▶ [Work request] To complete the exercise, repeat every record exactly as it stands.

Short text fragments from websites

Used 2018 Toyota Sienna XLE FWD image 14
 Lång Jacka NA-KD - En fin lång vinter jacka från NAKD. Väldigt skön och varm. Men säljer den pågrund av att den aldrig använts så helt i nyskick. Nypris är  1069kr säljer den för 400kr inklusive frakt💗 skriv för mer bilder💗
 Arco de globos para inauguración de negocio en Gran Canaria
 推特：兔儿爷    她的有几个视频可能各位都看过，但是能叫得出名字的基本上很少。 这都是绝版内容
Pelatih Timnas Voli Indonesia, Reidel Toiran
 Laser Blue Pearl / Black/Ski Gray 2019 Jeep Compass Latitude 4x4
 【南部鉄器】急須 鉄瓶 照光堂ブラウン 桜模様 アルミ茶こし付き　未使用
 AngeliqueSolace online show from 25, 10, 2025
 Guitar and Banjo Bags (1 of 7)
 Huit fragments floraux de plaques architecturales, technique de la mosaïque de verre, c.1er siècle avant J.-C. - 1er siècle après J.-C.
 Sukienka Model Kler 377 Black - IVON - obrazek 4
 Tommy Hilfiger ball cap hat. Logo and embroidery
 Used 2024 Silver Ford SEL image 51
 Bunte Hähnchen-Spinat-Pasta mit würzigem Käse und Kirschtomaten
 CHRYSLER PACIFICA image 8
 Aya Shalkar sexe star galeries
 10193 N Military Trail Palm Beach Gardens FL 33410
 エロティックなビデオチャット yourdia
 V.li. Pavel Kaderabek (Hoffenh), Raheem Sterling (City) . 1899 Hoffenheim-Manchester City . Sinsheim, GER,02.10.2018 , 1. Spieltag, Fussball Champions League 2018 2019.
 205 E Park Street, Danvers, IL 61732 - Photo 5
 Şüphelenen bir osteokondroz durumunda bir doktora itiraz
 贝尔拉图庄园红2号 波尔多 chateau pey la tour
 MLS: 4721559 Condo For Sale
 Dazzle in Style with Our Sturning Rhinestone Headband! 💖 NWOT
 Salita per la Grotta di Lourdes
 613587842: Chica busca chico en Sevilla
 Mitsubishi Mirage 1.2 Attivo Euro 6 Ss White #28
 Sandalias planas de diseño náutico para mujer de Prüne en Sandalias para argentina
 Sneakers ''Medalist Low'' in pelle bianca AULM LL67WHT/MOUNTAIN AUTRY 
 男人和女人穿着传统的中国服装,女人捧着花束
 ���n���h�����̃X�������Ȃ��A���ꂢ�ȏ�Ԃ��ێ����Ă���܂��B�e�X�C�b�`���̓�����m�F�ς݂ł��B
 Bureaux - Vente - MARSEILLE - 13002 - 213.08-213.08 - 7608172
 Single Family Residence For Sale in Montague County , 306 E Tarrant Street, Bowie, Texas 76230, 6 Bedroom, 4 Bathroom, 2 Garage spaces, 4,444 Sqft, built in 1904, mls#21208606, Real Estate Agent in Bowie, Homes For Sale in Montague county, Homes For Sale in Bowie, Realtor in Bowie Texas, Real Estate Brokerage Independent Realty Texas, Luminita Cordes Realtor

▶ [Response box]
Used 2018 Toyota Sienna XLE FWD image 14
 Lång Jacka NA-KD - En fin lång vinter jacka från NAKD. Väldigt skön och varm. Men säljer den pågrund av att den aldrig använts så helt i nyskick. Nypris är  1069kr säljer den för 400kr inklusive frakt💗 skriv för mer bilder💗
 Arco de globos para inauguración de negocio en Gran Canaria
 推特：兔儿爷    她的有几个视频可能各位都看过，但是能叫得出名字的基本上很少。 这都是绝版内容
Pelatih Timnas Voli Indonesia, Reidel Toiran
 Laser Blue Pearl / Black/Ski Gray 2019 Jeep Compass Latitude 4x4
 【南部鉄器】急須 鉄瓶 照光堂ブラウン 桜模様 アルミ茶こし付き　未使用
 AngeliqueSolace online show from 25, 10, 2025
 Guitar and Banjo Bags (1 of 7)
 Huit fragments floraux de plaques architecturales, technique de la mosaïque de verre, c.1er siècle avant J.-C. - 1er siècle après J.-C.
 Sukienka Model Kler 377 Black - IVON - obrazek 4
 Tommy Hilfiger ball cap hat. Logo and embroidery
 Used 2024 Silver Ford SEL image 51
 Bunte Hähnchen-Spinat-Pasta mit würzigem Käse und Kirschtomaten
 CHRYSLER PACIFICA image 8
 Aya Shalkar sexe star galeries
 10193 N Military Trail Palm Beach Gardens FL 33410
 エロティックなビデオチャット yourdia
 V.li. Pavel Kaderabek (Hoffenh), Raheem Sterling (City) . 1899 Hoffenheim-Manchester City . Sinsheim, GER,02.10.2018 , 1. Spieltag, Fussball Champions League 2018 2019.
 205 E Park Street, Danvers, IL 61732 - Photo 5
 Şüphelenen bir osteokondroz durumunda bir doktora itiraz
 贝尔拉图庄园红2号 波尔多 chateau pey la tour
 MLS: 4721559 Condo For Sale
 Dazzle in Style with Our Sturning Rhinestone Headband! 💖 NWOT
 Salita per la Grotta di Lourdes
 613587842: Chica busca chico en Sevilla
 Mitsubishi Mirage 1.2 Attivo Euro 6 Ss White #28
 Sandalias planas de diseño náutico para mujer de Prüne en Sandalias para argentina
 Sneakers ''Medalist Low'' in pelle bianca AULM LL67WHT/MOUNTAIN AUTRY 
 男人和女人穿着传统的中国服装,女人捧着花束
 ���n���h�����̃X�������Ȃ��A���ꂢ�ȏ�Ԃ��ێ����Ă���܂��B�e�X�C�b�`���̓�����m�F�ς݂ł��B
 Bureaux - Vente - MARSEILLE - 13002 - 213.08-213.08 - 7608172
 Single Family Residence For Sale in Montague County , 306 E Tarrant Street, Bowie, Texas 76230, 6 Bedroom, 4 Bathroom, 2 Garage spaces, 4,444 Sqft, built in 1904, mls#21208606, Real Estate Agent in Bowie, Homes For Sale in Montague county, Homes For Sale in Bowie, Realtor in Bowie Texas, Real Estate Brokerage Independent Realty Texas, Luminita Cordes Realtor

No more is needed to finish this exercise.